70 # many more lines of repeated laborious hand written
71 # SIMD nonsense all exactly the same except for the
72 # for loop and sizes.
73
74 Clearly this is a total unmaintainable nightmare of worthless crud which, if continued throughout a large project with 40,000 lines of code when written without SIMD, would completely destroy all chances of that project being successful by turning 40,000 lines into 400,000 lines of unreadable spaghetti.
75
76 A much more intelligent approach is needed.

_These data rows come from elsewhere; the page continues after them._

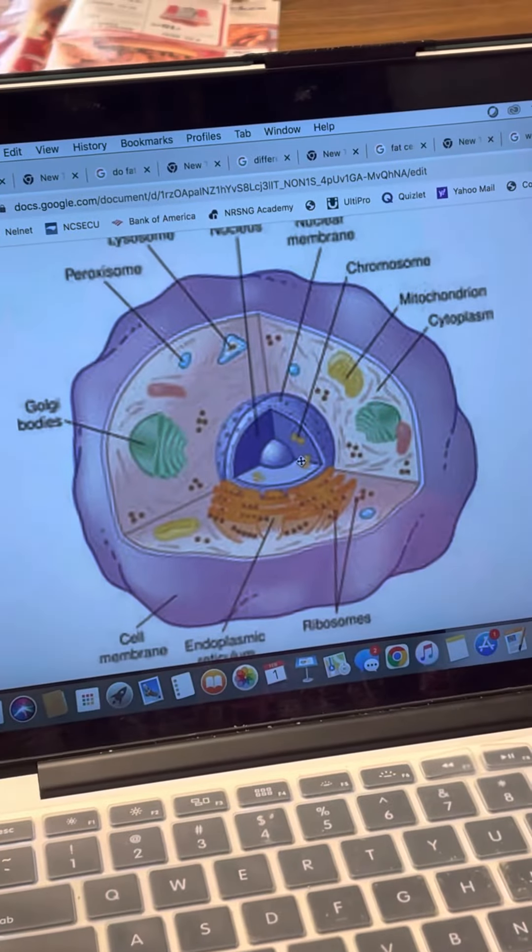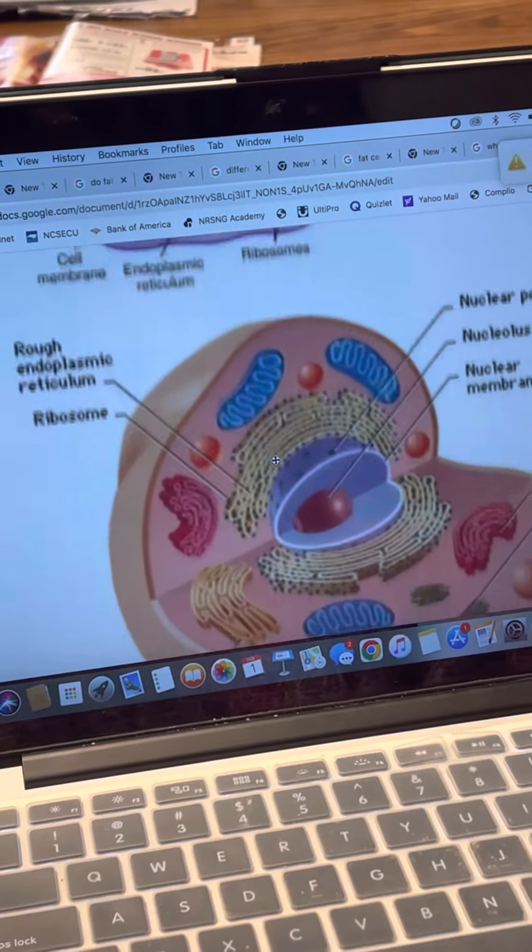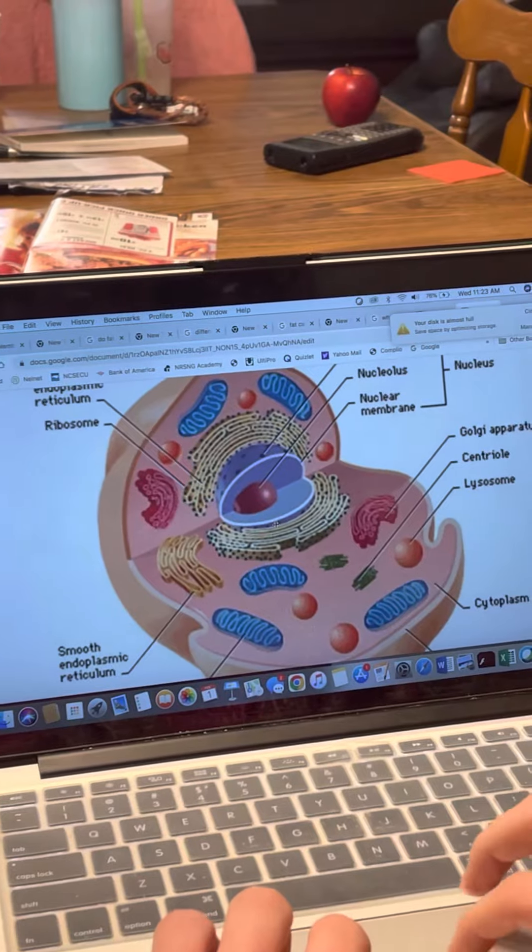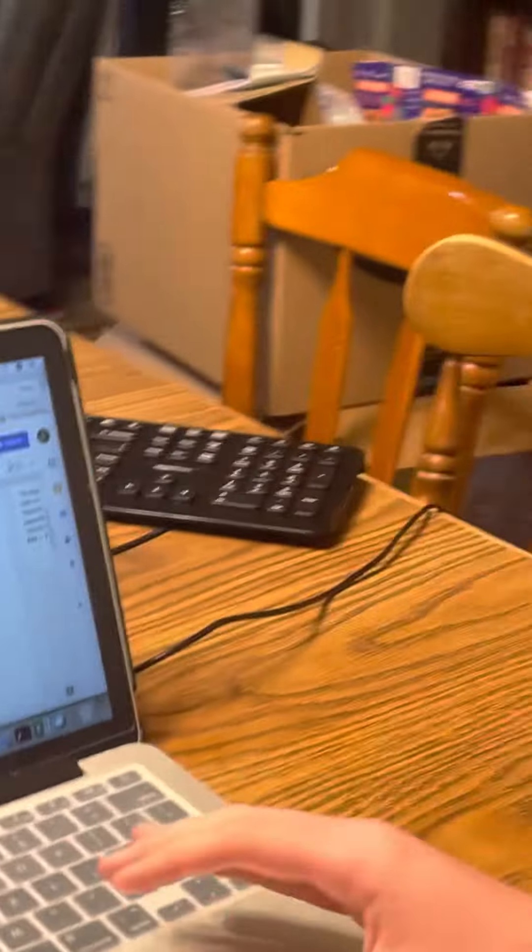I'm going to be discussing the differences between a fat cell and a muscle cell. A fat cell looks like this, and a muscle cell looks like this — with a ton of mitochondria. As you can see, the muscle cell has more mitochondria because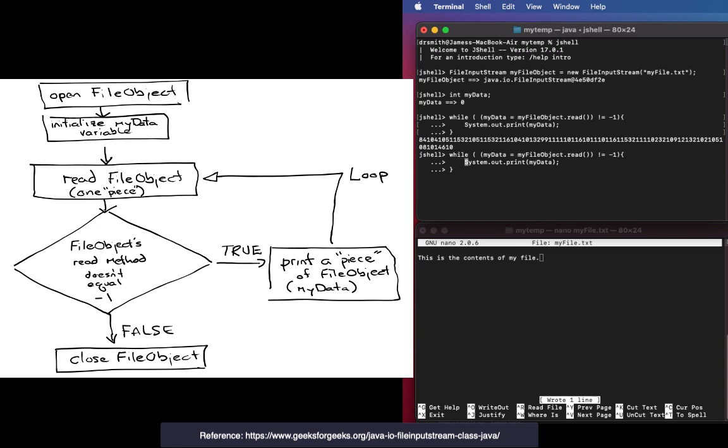Except I have a bunch of numbers which doesn't look like what's inside of my file. I have to cast the integer myData into a char, with parenthesis char parenthesis right in front of myData. And then I'm going to close it. So this is what I need to do.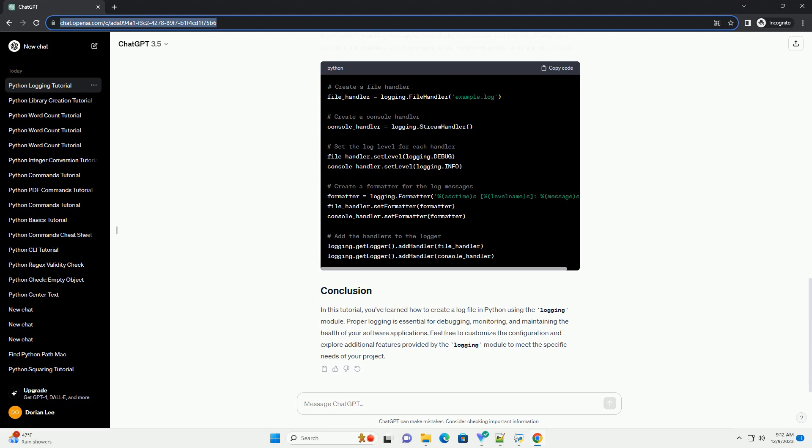In this tutorial, you've learned how to create a log file in Python using the logging module. Proper logging is essential for debugging, monitoring, and maintaining the health of your software applications. Feel free to customize the configuration and explore additional features provided by the logging module to meet the specific needs of your project.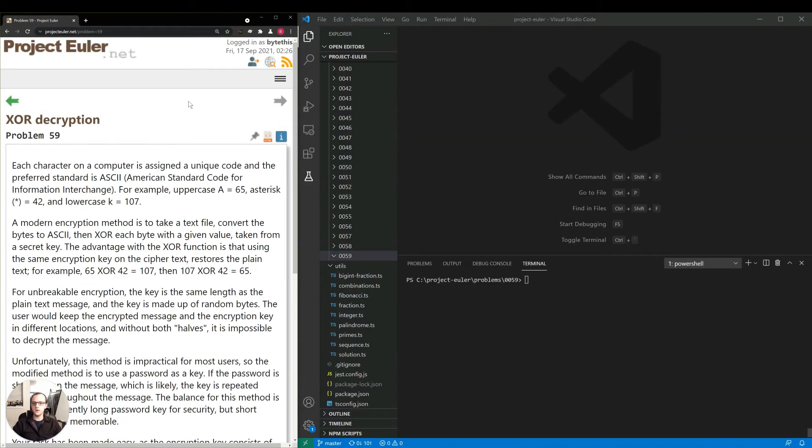Hey guys, thanks for joining and welcome to our 59th video on ProjectEuler.net. Today we're going to be taking a look at problem number 59, XOR Decryption.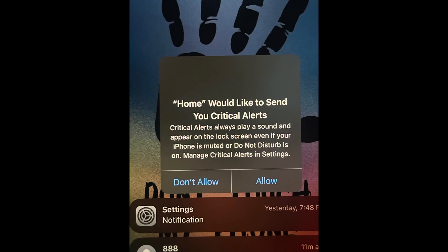Hello guys, welcome to my channel. Today, I will show you some methods to fix iPhone stuck on 'Home would like to send you critical alerts.'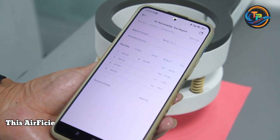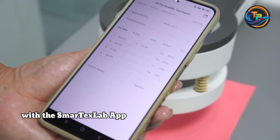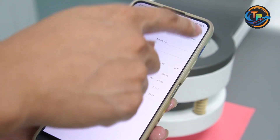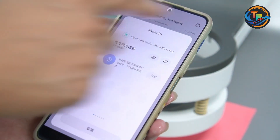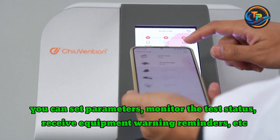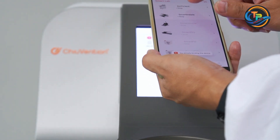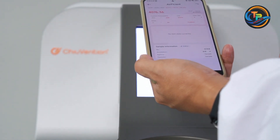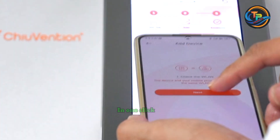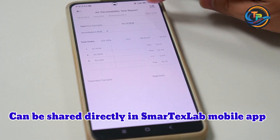This Air Permeability Tester can be connected through Wi-Fi with the SmartTex Lab app installed on your smartphone. You can set parameters, monitor the test status, receive equipment warning reminders, and share the air permeability test results with the quality control department or brand buyers — in one click, shared directly in the SmartTex Lab mobile app.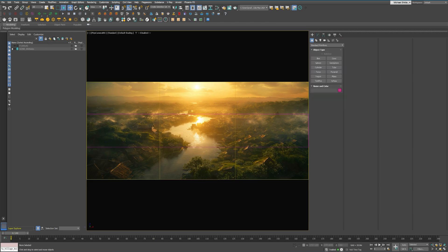That wraps up the introduction to the course. In the next part, we'll dive into creating the actual scene, starting with the terrain using Typeflow. See you next time.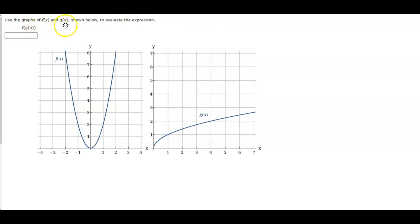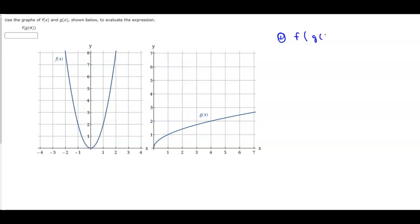Use the graphs of f of x and g of x shown below to evaluate the expression. We want to find f of g of 4. The first part is to find the output on g when x is 4. When x is 4, the output on that function is 2.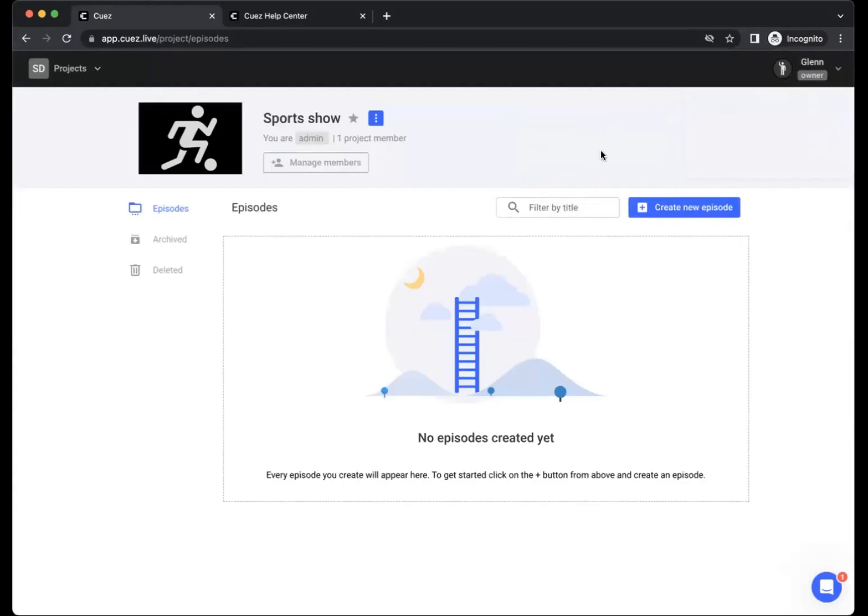And that is it for a general introduction to Cuez. Please have a look at our next videos to find out how to use and create your first episodes.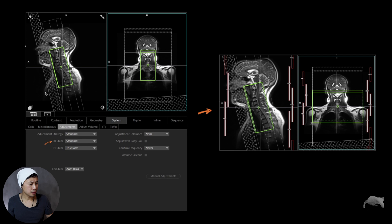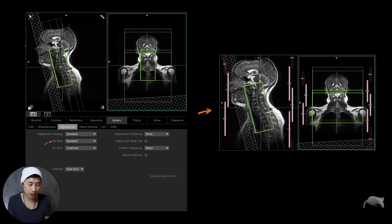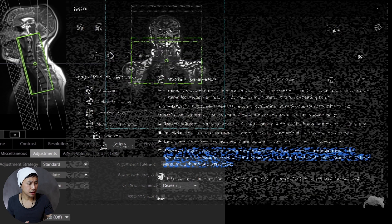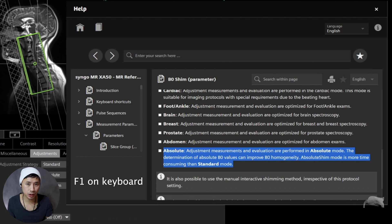Then it came to my mind: why is this shim box so small? I really wanted to cover the whole field of view, so I extended that box to cover the whole FOV. By doing that I was also hoping it might help with the inhomogeneities. And the last thing we did was using Absolute mode. Absolute mode is something new for me — I had never seen it before until we got the XA platform.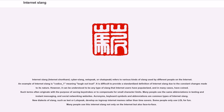Internet Slang, Internet Shorthand, Cyber Slang, Netspeak, or Chatspeak refers to various kinds of slang used by different people on the Internet. An example of Internet Slang is LOL, meaning laugh out loud.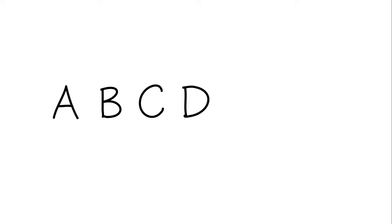The musical alphabet consists of seven letters: A, B, C, D, E, F, and G.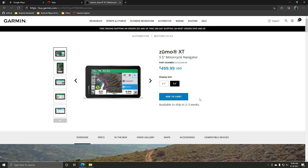In today's video we're going to talk about how to get Google Maps data onto your Garmin Zumo XT motorcycle navigator. Before getting too far into this, you're going to want to make sure that you have your Garmin device up to date and paired with either your home's Wi-Fi network or the Garmin Drive app on your phone.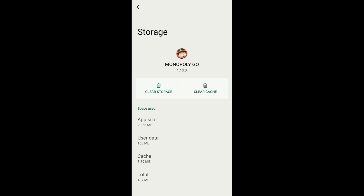After that, on your Monopoly Go app settings you can see 'Storage and Cache' — just tap on that. After that, just tap on 'Clear Cache.'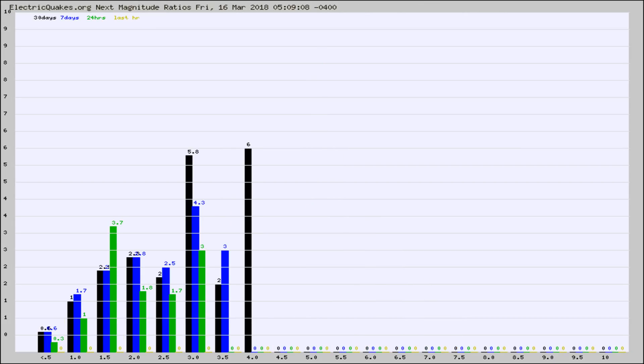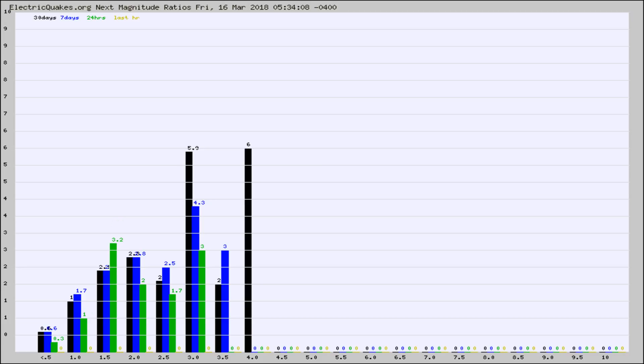And now you're seeing the same thing for just the subset area in California. Again, the black column is 30 days, blue is 7, green is 24 hours, and gold is in the last hour.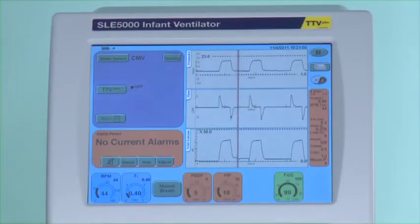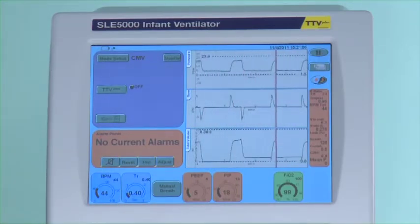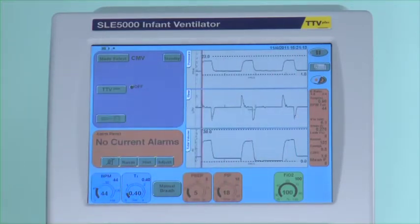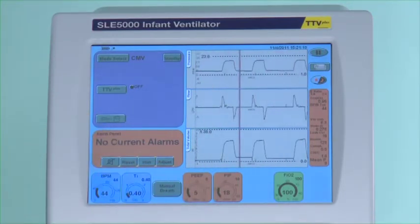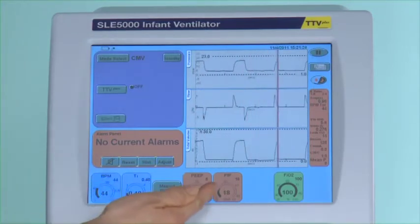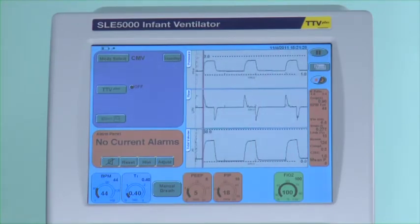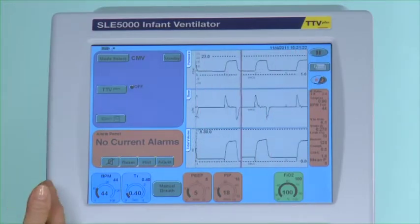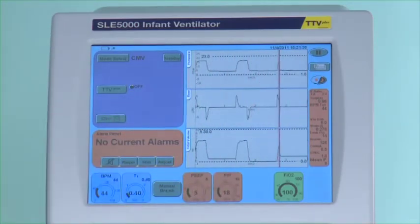Back to the mode of CMV itself. Looking at resistance and compliance will indicate what needs to be done with the peak inspired pressure. If resistance increases you need more pressure. If resistance decreases and compliance increases you need less pressure. Somebody then has to be in front of the monitor looking at the resistance and compliance and adjusting the peak inspired pressure accordingly.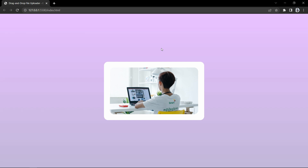We have completed this drag and drop image uploader with HTML, CSS, and JavaScript. I hope this video was helpful. If you have any questions, ask in the comment section. Please like and share this video and subscribe to my channel to watch more videos like this one. Thank you so much for watching.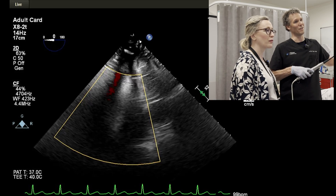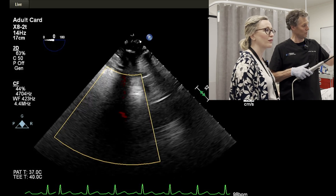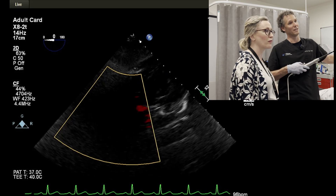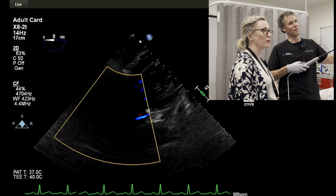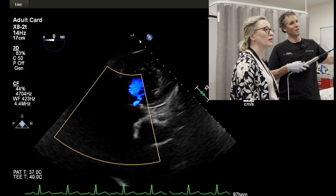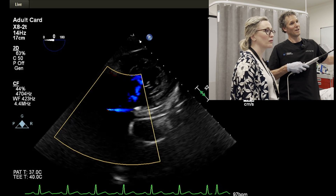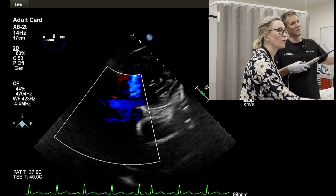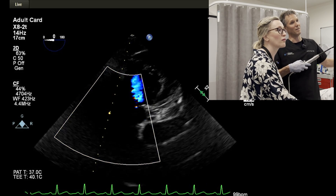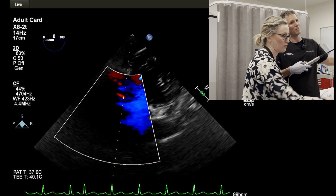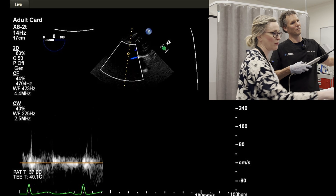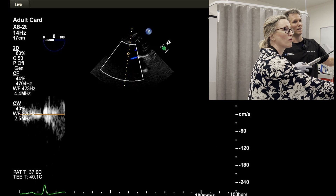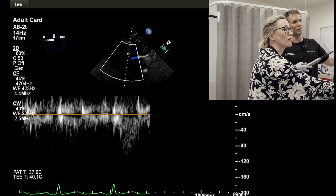Obviously you can't see a lot of the aortic valve. If I lose it, I'm going to again advance, full anti-flexion, gently pull back, trying to find that five chamber view. And I think if we were to put the continuous wave through there we'd see something. We'll move the baseline up, turn down the scale — and there's the flow through the aortic valve.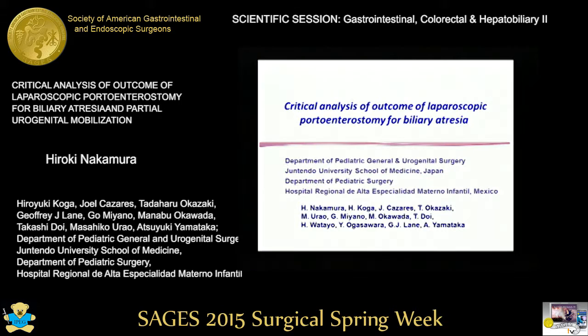Hiroki Nakamura from Juntendo University School of Medicine, Japan. Thank you, Chairperson and members and guests.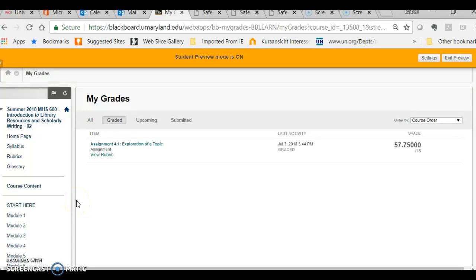Hey everybody, just a quick tutorial to show you how to use SafeAssign in Blackboard. SafeAssign is what we call plagiarism detection software and it can be used in a variety of ways.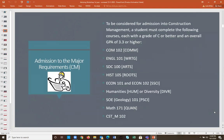To be considered for admission into construction management, you have to complete ten courses with a grade of C or better, and your overall GPA must be 3.3. Those courses are: COM 10T (basic public speaking), English 101, SDC 100, History 105, Econ 101 and Econ 102 — you need both — either a humanities or a diversity course, SOE 101 or Geology, Math 171 (Calculus), and Construction Management 102.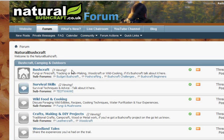Welcome to the Natural Bushcraft forum. Today we are going to take a look at how a normal user of a vBulletin forum can add what is called an avatar picture. An avatar picture is an image that is displayed on the left hand side of every post that the user makes.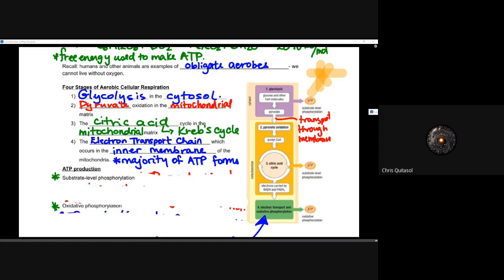The fourth and last stage — where the majority of ATP is created — is called the electron transport chain, or ETC. This happens in the inner membrane of the mitochondria. We will differentiate between the mitochondrial matrix and the mitochondrial inner membrane as we move through these lessons. The vast majority of cellular respiration's ATP comes from the electron transport chain.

What we actually want is:
77
78 with m.If(x > y): # do a partitioned compare here
79 do something dynamic here
80
81 where behind the scenes the above laborious for-loops (conceptually) are created, hidden, looking to all intents and purposes that this is exactly like any other nmigen Signal.
82
83 This means that nmigen needs to "understand" the partitioning, in m.If, m.Else and m.Switch, at the bare minimum.
84
85 Analysis of the internals of nmigen shows that m.If, m.Else and m.Switch are all redirected to `Value.cases`. Within that function Mux and other "global" functions (similar to python operator functions). The hypothesis is therefore proposed that if `Value.mux` is added in an identical way to how `operator.add` calls `__add__` this may turn out to be all that (or most of what) is needed.